TRY IT: Your answer should be a single number: the count of lines in the material below that hold "Toyota".

+ + + +

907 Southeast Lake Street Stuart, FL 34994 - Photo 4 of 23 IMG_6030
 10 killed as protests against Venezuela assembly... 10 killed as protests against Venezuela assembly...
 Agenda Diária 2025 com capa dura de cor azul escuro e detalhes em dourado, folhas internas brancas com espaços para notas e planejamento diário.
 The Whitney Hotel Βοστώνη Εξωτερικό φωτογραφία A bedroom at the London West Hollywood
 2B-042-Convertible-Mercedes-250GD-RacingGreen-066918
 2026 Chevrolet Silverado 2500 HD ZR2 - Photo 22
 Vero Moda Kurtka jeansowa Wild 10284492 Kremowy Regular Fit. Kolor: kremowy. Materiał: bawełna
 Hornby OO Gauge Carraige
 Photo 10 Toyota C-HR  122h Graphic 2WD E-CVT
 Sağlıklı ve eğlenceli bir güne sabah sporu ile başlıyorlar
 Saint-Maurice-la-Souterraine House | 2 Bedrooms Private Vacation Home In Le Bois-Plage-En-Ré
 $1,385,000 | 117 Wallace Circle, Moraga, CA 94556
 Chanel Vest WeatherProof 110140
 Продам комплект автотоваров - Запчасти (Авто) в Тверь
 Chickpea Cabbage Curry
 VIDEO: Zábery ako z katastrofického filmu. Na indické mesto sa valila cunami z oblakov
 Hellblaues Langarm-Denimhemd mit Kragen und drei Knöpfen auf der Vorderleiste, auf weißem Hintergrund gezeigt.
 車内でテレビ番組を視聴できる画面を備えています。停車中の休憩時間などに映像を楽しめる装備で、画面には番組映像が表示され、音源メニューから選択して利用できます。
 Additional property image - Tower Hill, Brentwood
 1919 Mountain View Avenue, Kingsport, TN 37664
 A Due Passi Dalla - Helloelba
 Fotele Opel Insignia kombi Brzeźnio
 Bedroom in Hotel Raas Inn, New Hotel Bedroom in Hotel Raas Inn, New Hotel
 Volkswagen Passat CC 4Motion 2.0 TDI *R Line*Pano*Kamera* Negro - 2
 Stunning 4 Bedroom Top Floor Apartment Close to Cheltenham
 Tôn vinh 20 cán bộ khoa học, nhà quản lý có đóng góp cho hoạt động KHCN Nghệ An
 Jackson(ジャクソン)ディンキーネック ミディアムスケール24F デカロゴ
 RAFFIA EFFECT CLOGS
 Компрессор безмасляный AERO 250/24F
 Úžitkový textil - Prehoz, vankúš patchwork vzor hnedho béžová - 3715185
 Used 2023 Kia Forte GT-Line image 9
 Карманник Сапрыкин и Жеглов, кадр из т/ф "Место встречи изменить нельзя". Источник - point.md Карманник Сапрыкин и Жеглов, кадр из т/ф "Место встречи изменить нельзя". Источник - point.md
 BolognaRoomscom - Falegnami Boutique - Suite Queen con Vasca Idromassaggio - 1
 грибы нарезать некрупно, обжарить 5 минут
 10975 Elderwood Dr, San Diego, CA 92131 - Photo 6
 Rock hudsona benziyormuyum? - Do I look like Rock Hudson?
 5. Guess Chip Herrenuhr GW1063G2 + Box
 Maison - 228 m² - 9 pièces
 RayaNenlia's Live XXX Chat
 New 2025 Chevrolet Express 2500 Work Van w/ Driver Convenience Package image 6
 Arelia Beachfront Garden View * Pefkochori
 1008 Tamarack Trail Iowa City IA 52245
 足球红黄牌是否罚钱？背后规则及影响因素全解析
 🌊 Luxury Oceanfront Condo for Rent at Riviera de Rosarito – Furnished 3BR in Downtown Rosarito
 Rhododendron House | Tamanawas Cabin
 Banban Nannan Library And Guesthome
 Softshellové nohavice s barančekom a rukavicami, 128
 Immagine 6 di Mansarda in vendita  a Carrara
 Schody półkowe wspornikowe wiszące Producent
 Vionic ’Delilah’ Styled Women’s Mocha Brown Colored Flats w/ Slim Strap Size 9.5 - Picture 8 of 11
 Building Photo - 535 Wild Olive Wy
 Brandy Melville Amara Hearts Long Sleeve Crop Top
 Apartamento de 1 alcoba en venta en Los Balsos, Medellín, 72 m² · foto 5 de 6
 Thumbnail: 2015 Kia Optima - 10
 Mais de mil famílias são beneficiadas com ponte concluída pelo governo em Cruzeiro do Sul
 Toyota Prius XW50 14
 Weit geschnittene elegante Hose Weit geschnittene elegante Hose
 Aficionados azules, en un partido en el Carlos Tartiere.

+ + + +

ANSWER TO THE EXERCISE: 2